I didn’t hear Elvis Costello’s orchestral piece at the Lincoln Center Festival, but I don’t think I had to. I did hear the three-track sampler Deutsche Grammophon sent out, and it confirms everything I read in the reviews of the complete work — the music is notably unoriginal. We can all be glad, I guess, that Costello seems to be a competent orchestral composer, but on second thought, maybe I’m not happy about that. If he hadn’t been able to write this score, maybe he wouldn’t have written it, and then we (and he, too, if he’s honest with himself) wouldn’t be faced with this failure — the failure of a wildly original musician, one of the great creators of our time, to meet his own standards when he turns to classical music.
The music, simply put, sounds like other music, like a whole raft of classical scores, and, even more than that, like an abstraction from one style of classical music, like a highly competent rendering of what mildly spicy 20th century music, with a tinge of dance — think Gershwin, Stravinsky, maybe Rachmaninoff’s Symphonic Dances — sounds like.
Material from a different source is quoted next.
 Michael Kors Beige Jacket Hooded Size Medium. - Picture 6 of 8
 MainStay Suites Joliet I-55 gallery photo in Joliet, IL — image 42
It’s as if Costello, setting out to write a classical piece, said to himself, consciously or not, “I know what classical music sounds like,” and wrote precisely that. What a contrast to what he’s always done in pop, where he’s forged new paths, referring sometimes back to established pop styles with affectionate irony, not with what sounds, in this new piece, like the obedient conformity of somebody who moves to the suburbs, and says, “Look at how they act out here. I’d better act the same way.” There was one passage on the DG sampler, for very high violins, that sounded new, but nothing else grabbed me.
I felt the same thing about Billy Joel’s classical CD some years back, even though I liked it more than most classical critics did (and more than I like the Costello piece). I thought it was full of notable affection for classical composers, especially Chopin, and also structured with some originality. But, even more than Costello’s piece, it was music by someone who (consciously or not, once again) had decided in advance what classical music was, and stayed within those boundaries. Nothing in it had one-fourth the force of Joel’s pop songs.
So why do these terrific musicians — really lively spirits, in their own area — put on handcuffs when they write classical music? There might be two reasons. First, classical music is too well-bred. Or, at least, the classical music world is. People come to it from outside with genuine respect, and do what the Romans do. Second, classical music is largely defined by older repertoire, so when people from outside come to it, that’s what attracts them, and that’s what they move towards.
I interviewed Billy Joel when I wrote about his classical album for The Wall Street Journal, and one thing I noticed was his striking lack of interest in new classical music, or even 20th century pioneers like Schoenberg. He thought maybe he’d listen to Schoenberg one day. Now, it’s not that he (or anybody else) should write like Schoenberg, but you’d think — as someone with an inquiring musical mind, coming into a new field — that he’d want to learn everything. You’d think, as a composer starting to write classical music, that he — and Costello, too — would want to know what classical composers are writing now. But in a way I can’t blame them. The classical music world doesn’t foster that kind of curiosity, even though, when I look at current orchestral programming, I have to say that things are getting better. But the dominant classical mood involves older music, and a lack of curiosity, so it’s not surprising that newcomers would pick up on that — even if it makes them half the artists they used to be.